**Try it:** Line by line, set down all the data below exactly, omitting any picture.
Provided material below:
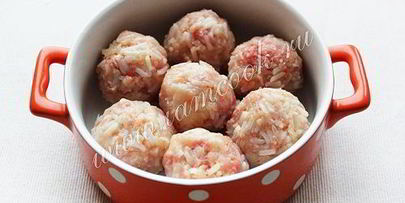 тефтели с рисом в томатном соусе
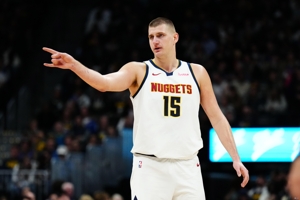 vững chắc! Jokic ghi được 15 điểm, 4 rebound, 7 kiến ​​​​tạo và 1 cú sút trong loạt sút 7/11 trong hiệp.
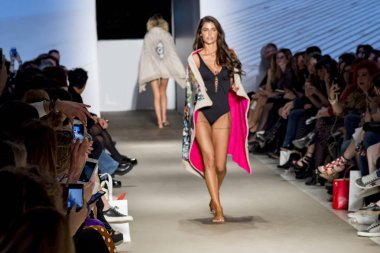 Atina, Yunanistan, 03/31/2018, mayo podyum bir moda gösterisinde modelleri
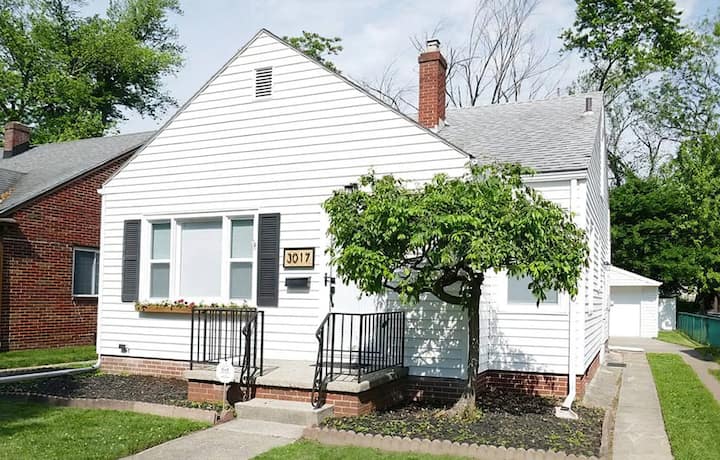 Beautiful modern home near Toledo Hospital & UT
End of Provided material.
**Exercise response:**
 тефтели с рисом в томатном соусе
 vững chắc! Jokic ghi được 15 điểm, 4 rebound, 7 kiến ​​​​tạo và 1 cú sút trong loạt sút 7/11 trong hiệp.
 Atina, Yunanistan, 03/31/2018, mayo podyum bir moda gösterisinde modelleri
 Beautiful modern home near Toledo Hospital & UT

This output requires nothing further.